My Lords, in speaking to the report by the Select Committee on the future of seaside towns, I wish to focus on two aspects of our inquiry which had most significance for me. I was a somewhat wayward member of that committee, absent unavoidably from several of its sessions and unable to join many of the specific visits, so I pay tribute to the unqualified concentration brought to the committee not only by its chairman, the consistently committed and well-informed noble Lord, Lord Bassam, but by its diligent and focused members and its excellent and sympathetic staff.
First then, education. I had the chance to chair an afternoon round-table discussion among schoolchildren in Skegness. They loved their home town. They were lively, enthusiastic and hopeful for their futures. But problems soon became evident. All seemed well enough until they began to plan for their jobs. Skegness is not alone among seaside resorts in lacking adequate higher education opportunities. What is more, transport to reach the nearest such opportunities is poor and costly for young people. Rail connections are few—Beeching devastated Lincolnshire. People struggle to get from Skegness to the county town of Lincoln. There is an hourly bus service that takes two hours. From Mablethorpe, the journey—five buses a day—also takes two hours, with a change of buses at Louth, or there is an hourly service via Skegness, taking three hours and two minutes. These lengthy times are all within one county.

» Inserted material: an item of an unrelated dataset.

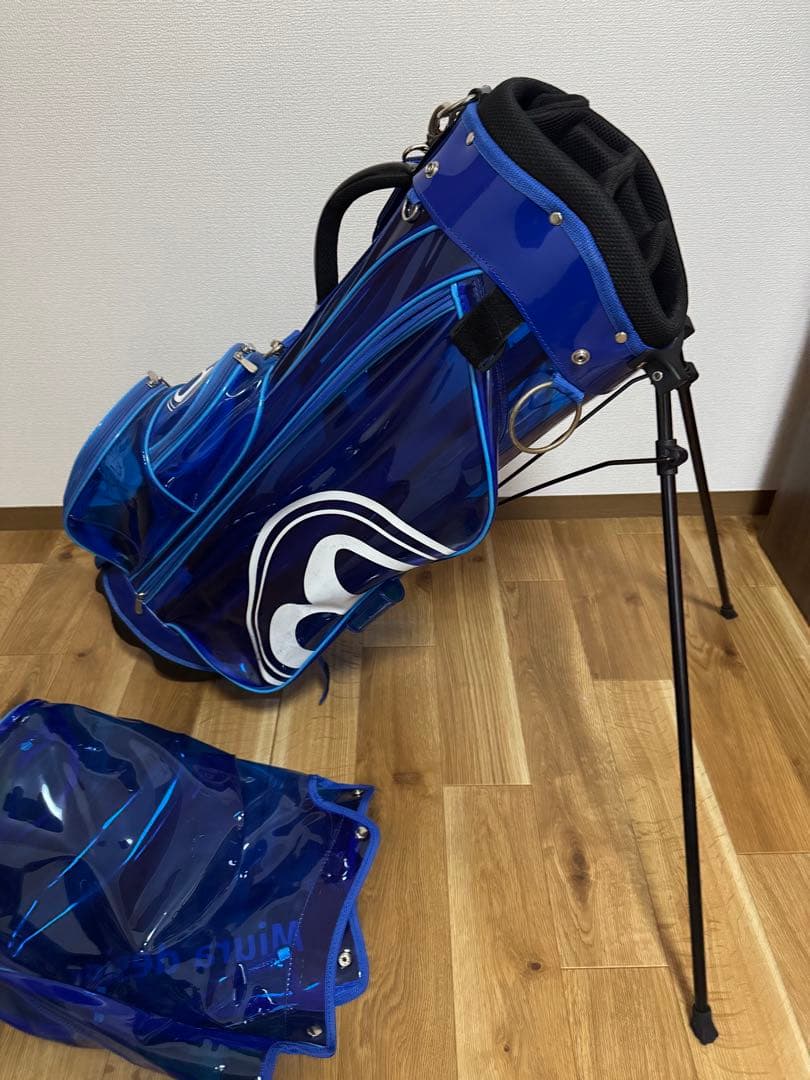 フランク三浦スケルトン☆青色ゴルフバッグ Muir design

In its evidence, Bus Users UK highlighted the problems this creates for young job searchers across the country. Some 23% of 18 to 24 year-olds responding to its survey cited the lack of a suitable bus service, often aggravated by local authority cuts, as a key barrier to finding jobs. Our report found that inadequate transport connectivity is holding many coastal communities back and recommended that the Department for Transport prioritise improvements to the coastal transport system. Unfortunately, the Government’s response is feeble, throwing the responsibility back to various local authorities. Our further suggestion that the Government fund local authorities to provide full public transport costs for post-16 students in coastal communities had slightly more success. We were referred to the 16 to 19 year-old bursary fund and the intention to launch a consultation on how it might one day help with transport—by which time it will of course be too late for the young people round the table in Skegness.

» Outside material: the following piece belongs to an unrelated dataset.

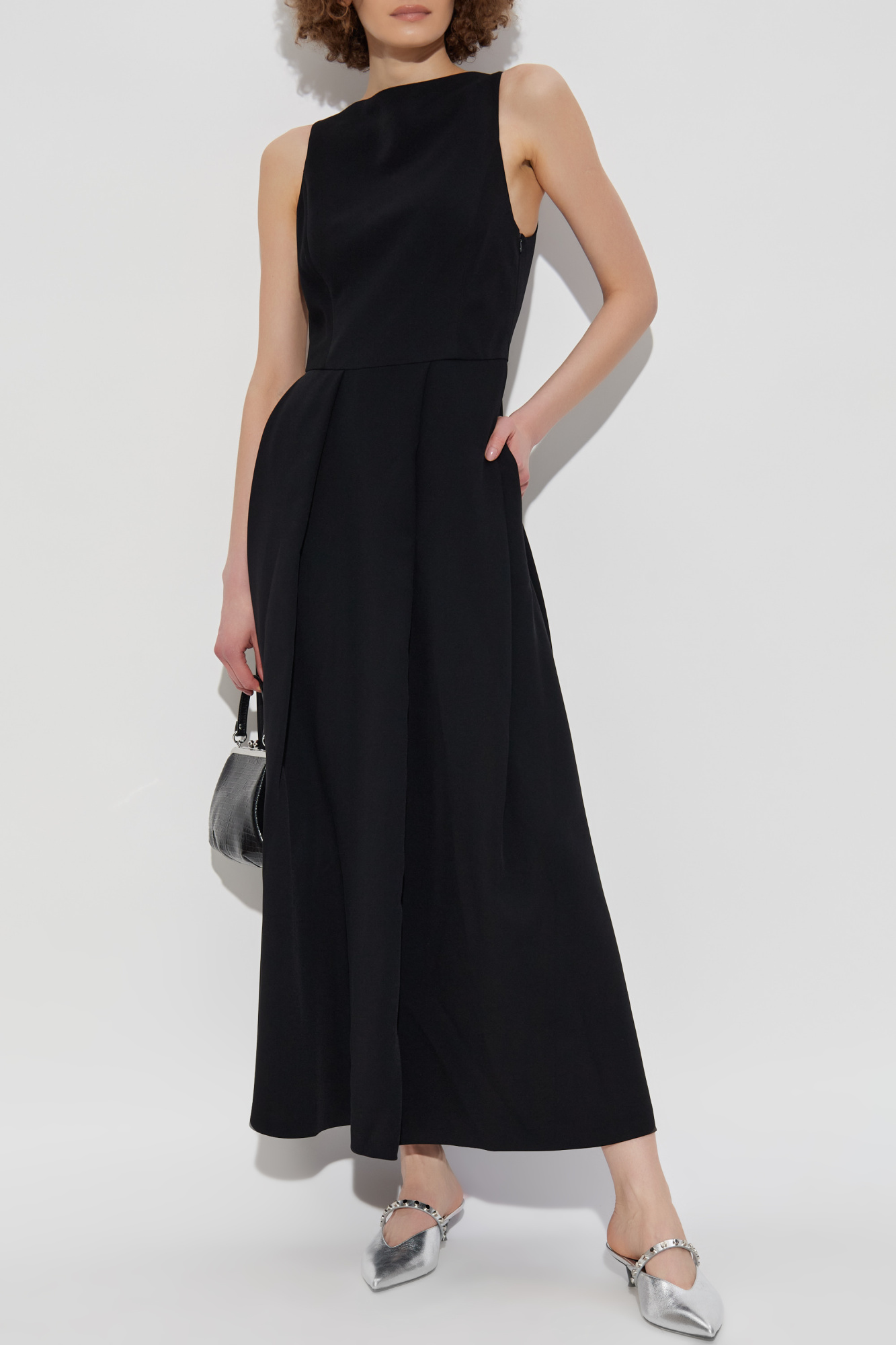 ワンピース EMPORIO ARMANI Woman Dress Black EW002719AF10206 UC001 Black Dress with darts Emporio Armani - Vitkac AS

Their chances of higher education need major attention—we have seen the difference that the University of Sussex made to the economy of Brighton. Of course, that is not going to happen in many seaside resorts, although the chance of having outlying hubs of learning from inland universities should not be dismissed. It is all the more important that online, part-time and distance learning get strong government support—suggestions endorsed by the recent findings of the Augar report on post-16 year-old study. This would of course be enhanced if the Government seriously addressed the shortcomings in the availability of wi-fi in many communities. We were discussing this six years ago when I sat on the Communications Committee. Progress is sluggish. Why?
My second interest is in the arts and entertainment. I recently had the pleasure of presenting Worthing with the pier of the year award—I am one of the patrons of the National Piers Society. At that event, the mayor emphasised how much the pier and its theatre contributed to the town’s identity and appeal. This is so for the approximately 50 piers around England and Wales. Many of them are thriving: Cromer, Clacton, Southend and Deal are all enjoying new investment. Individual entrepreneurs—the kind of people referred to by the noble Lord, Lord Smith—take a personal delight in making them a success. Councils are keen to help but struggle to find funding. Piers remain a ready-built, attractive and popular destination for thousands of visitors. They deserve more support from heritage funding.

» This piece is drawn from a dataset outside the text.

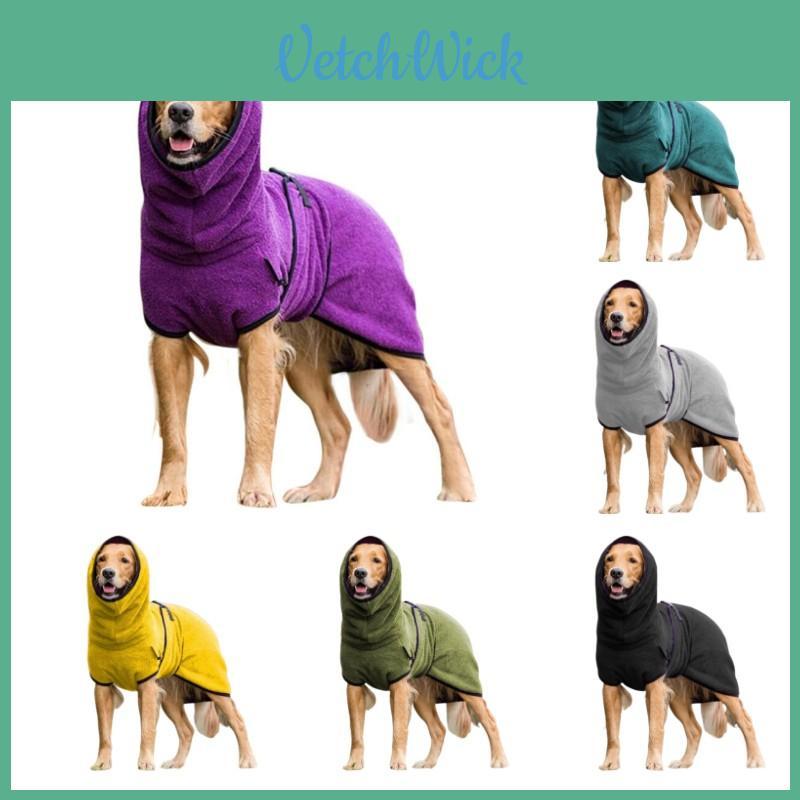 Плюс Сайз Халат-полотенце для питомца для впитывания влаги зимой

More broadly, we heard how the arts in general help to regenerate and rejuvenate a coastal resort. The south coast is known for what the Arts Council has referred to as its string of pearls: art galleries stretching along the south coast from Margate, Hastings and Bexhill to Eastbourne, are all thriving. Artists looking for affordable studios are coming in increasing numbers to such seaside resorts and are themselves becoming a hub of cultural activity. St Ives is perhaps our most celebrated and long-term success. Margate is another. Deal is growing in popularity too. It is a spontaneous social movement that is making such resorts more popular in general.
It is a given for investment by the Government, and they can already see the benefits such investments are bringing. I urge them to grasp the opportunities so evident in this field, seize the day and make seaside resorts the destinations we want to visit in ever greater numbers.